=== Section Start ===
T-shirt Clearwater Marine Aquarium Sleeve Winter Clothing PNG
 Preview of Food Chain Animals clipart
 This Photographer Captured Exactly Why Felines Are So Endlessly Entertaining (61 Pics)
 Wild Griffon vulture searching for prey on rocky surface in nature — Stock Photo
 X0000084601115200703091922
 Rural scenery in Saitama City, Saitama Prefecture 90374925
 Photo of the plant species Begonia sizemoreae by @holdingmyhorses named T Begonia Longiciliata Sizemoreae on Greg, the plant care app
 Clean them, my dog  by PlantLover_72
=== Section End ===
About this task:
Give back exactly the lines beginning at the one with "X0000084601115200703091922" and ending at the final line of the material; both boundary lines belong in it.

Solution to this problem:
 X0000084601115200703091922
 Rural scenery in Saitama City, Saitama Prefecture 90374925
 Photo of the plant species Begonia sizemoreae by @holdingmyhorses named T Begonia Longiciliata Sizemoreae on Greg, the plant care app
 Clean them, my dog  by PlantLover_72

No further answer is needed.